Apr 26, 2015

Easter

Oh, Easter. Oh, resurrection. What in the world are we supposed to do with you?

Today is the fourth Sunday of Easter, so it has clearly taken me a while to get around to an Easter post. Partly, this is because Lent was so brutal. Partly, this is because I’ve gotten myself in totally over my head this semester, taking a class, writing for a few local papers, plus the usual work and home responsibilities. But mostly I’m late because Easter befuddles me. Sometimes resurrection seems like sweet, clear water in a parched world, and sometimes it seems like a bad joke.


Just before Holy Week this year, I happened into a conversation among clergy about teaching children during Holy Week. “How should we talk about Jesus’ death?” someone wanted to know. I barged my way into the conversation: “Death is easy,” I said. “Kids can get that. It’s teaching the resurrection that’s so complicated.”


Maybe that sounds overstated, but I mean it. My kids understand death. Their understanding is incomplete, of course, but my understanding of death is incomplete too. When my grandfather died last month, both of my kids understood in ways appropriate to their ages. (When someone at the visitation commented to my daughter that it was sort of like my grandfather was having a long sleep, she set him straight: “No,” she said. “He died.” She gets it.)


And I believe there are very important, very concrete ways to teach kids about Jesus’ death too.
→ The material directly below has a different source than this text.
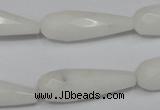 CCN197 15.5 inches 10*30mm faceted teardrop candy jade beads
Jesus loved people that others didn’t love. Jesus made powerful people angry. Jesus said things that were true, and people didn’t want to hear it. Jesus’ friend cared more about power and money than about Jesus. For all of these reasons and more, people killed Jesus.
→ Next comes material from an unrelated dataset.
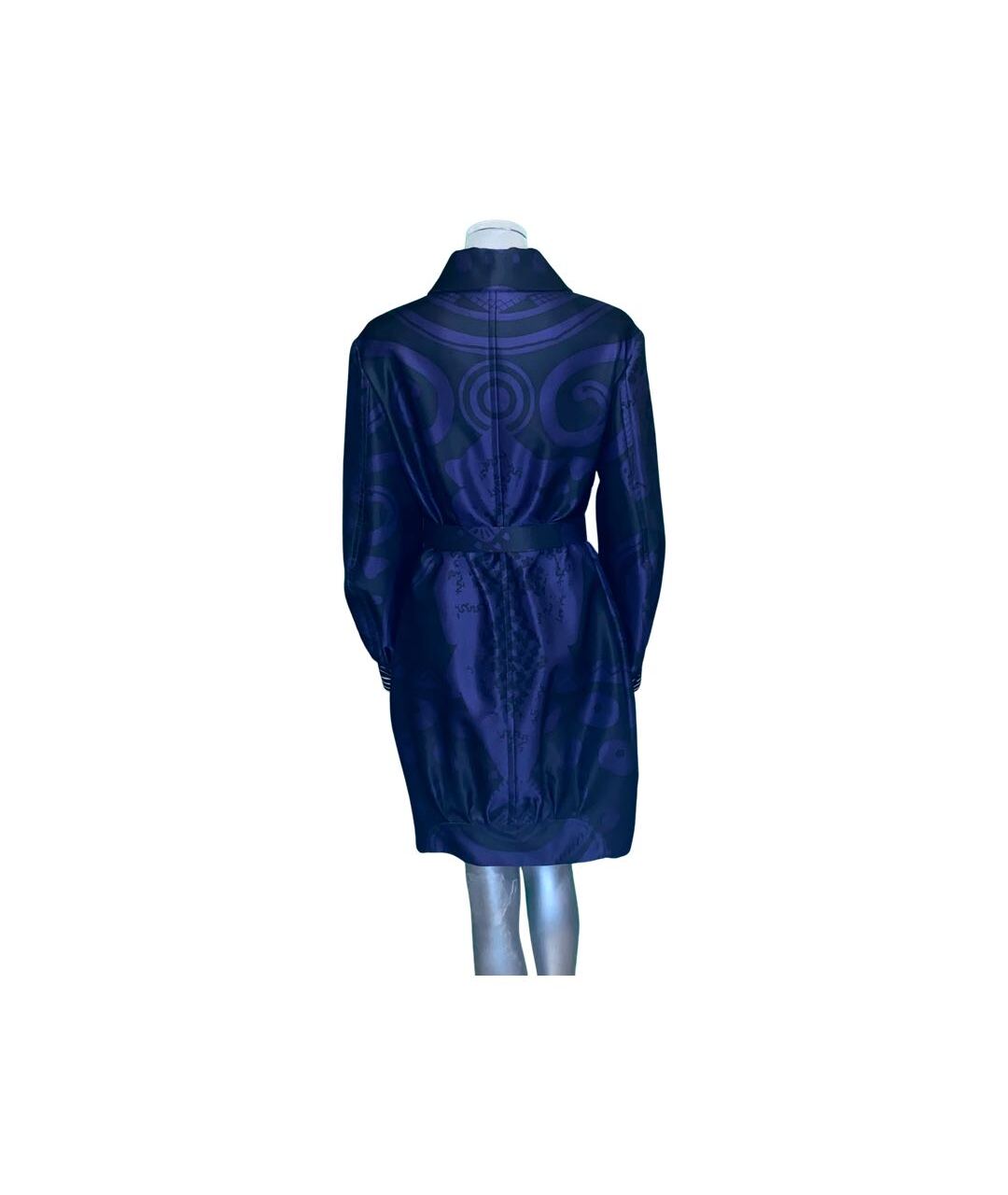 CHRISTIAN LACROIX VINTAGE Синее шелковое пальто, фото 2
Those may be difficult things to say to a child. They may be difficult things for some children to hear. But those truths are everywhere in our world, and kids, as they grow, see that more and more. We give them immeasurable gifts by sharing those truths with them, telling them--right now, not when they’re all grown up--that Jesus lived and suffered under those truths just like we do.
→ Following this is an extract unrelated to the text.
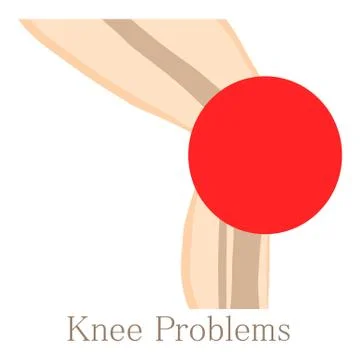 Knee problem icon, cartoon style Illustrazione stock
But then Sunday comes. And we have to tell kids, “And then Jesus rose! Hooray!” And of course this is good news--right? this is good news?--but it’s confusing to kids when we’ve been teaching them the whole rest of the year that dead means dead. The flowers they picked for mama can’t be replanted. The dog isn’t coming back. We won’t see Papaw--or whomever else--again. Ever.


Then again, so what? This is probably just as well. Isn’t confusion just as instructive as anything else? I’m confused too. I’m confused about how it’s Easter but everything feels the same. Why do marriages keep ending and children keep dying and earthquakes still rock the world? Why does living in the season of resurrection--which, by the way, is a scant 40 days out of 365--still look, smell, taste, and sound so much like Holy Saturday, the most godforsaken day of the year?


Today I was thinking about the disciples. They lost their guide, their friend, their Lord, source of their hopes for the future and maker of meaning for their past. They lived for three days (oh, let’s be honest: it was only about half that) in the shock and grief of that loss. And then: wonder of wonders, joy of joys--resurrection! Jesus returned to them. He wiped their tears and took them in his arms. He ate with them; he taught them; he encouraged and challenged them. The glory days were back and better than ever.


And then he left. Yes, I understand that theologically, it makes all the difference in the world that Jesus rose from the dead. God has endured ridicule, shame, and death. And God has triumphed. Death has not won. Alleluia!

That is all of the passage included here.